**About this task:** Among the records that follow, set down only the lines from the one containing "Postel nebo postele" to the one containing "bedroom featuring lofted", both included, exactly.

————————

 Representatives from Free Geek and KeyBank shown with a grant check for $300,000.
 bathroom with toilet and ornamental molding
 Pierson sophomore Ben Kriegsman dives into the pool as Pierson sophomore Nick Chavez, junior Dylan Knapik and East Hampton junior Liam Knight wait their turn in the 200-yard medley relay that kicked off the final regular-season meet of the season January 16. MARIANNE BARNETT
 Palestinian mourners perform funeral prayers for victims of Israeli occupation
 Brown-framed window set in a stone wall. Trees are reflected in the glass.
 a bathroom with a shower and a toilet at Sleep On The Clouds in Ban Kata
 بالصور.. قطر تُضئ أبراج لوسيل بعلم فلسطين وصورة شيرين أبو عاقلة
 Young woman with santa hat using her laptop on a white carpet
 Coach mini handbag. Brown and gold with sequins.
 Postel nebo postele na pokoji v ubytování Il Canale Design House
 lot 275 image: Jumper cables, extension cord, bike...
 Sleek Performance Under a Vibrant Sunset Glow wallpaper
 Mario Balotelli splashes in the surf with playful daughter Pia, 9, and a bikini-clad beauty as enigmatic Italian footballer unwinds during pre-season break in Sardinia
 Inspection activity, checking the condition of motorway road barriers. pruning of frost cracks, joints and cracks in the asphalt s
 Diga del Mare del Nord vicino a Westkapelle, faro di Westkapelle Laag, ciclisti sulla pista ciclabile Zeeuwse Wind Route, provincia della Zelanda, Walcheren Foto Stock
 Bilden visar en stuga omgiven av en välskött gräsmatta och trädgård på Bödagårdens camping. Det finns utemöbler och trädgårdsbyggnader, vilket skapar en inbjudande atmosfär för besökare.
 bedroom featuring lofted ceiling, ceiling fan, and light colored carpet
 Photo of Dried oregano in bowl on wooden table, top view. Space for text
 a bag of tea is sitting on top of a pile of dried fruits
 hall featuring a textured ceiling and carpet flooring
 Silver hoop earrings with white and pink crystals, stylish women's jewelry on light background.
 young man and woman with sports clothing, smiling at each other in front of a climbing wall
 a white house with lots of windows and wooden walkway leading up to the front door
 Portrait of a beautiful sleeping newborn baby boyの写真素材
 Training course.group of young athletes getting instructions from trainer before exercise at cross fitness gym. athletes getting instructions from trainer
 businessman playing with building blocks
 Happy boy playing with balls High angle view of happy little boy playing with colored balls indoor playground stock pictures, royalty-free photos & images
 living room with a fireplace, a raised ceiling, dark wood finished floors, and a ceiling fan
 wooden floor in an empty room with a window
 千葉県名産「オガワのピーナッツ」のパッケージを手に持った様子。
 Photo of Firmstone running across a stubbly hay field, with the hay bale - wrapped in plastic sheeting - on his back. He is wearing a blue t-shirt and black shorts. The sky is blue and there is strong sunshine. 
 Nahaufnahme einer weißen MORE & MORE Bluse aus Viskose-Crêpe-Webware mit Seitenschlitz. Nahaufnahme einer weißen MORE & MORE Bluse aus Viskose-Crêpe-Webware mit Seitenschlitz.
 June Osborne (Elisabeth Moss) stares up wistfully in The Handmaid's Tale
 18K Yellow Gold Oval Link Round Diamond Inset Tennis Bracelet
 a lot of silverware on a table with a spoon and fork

————————

**Written response:**
 Postel nebo postele na pokoji v ubytování Il Canale Design House
 lot 275 image: Jumper cables, extension cord, bike...
 Sleek Performance Under a Vibrant Sunset Glow wallpaper
 Mario Balotelli splashes in the surf with playful daughter Pia, 9, and a bikini-clad beauty as enigmatic Italian footballer unwinds during pre-season break in Sardinia
 Inspection activity, checking the condition of motorway road barriers. pruning of frost cracks, joints and cracks in the asphalt s
 Diga del Mare del Nord vicino a Westkapelle, faro di Westkapelle Laag, ciclisti sulla pista ciclabile Zeeuwse Wind Route, provincia della Zelanda, Walcheren Foto Stock
 Bilden visar en stuga omgiven av en välskött gräsmatta och trädgård på Bödagårdens camping. Det finns utemöbler och trädgårdsbyggnader, vilket skapar en inbjudande atmosfär för besökare.
 bedroom featuring lofted ceiling, ceiling fan, and light colored carpet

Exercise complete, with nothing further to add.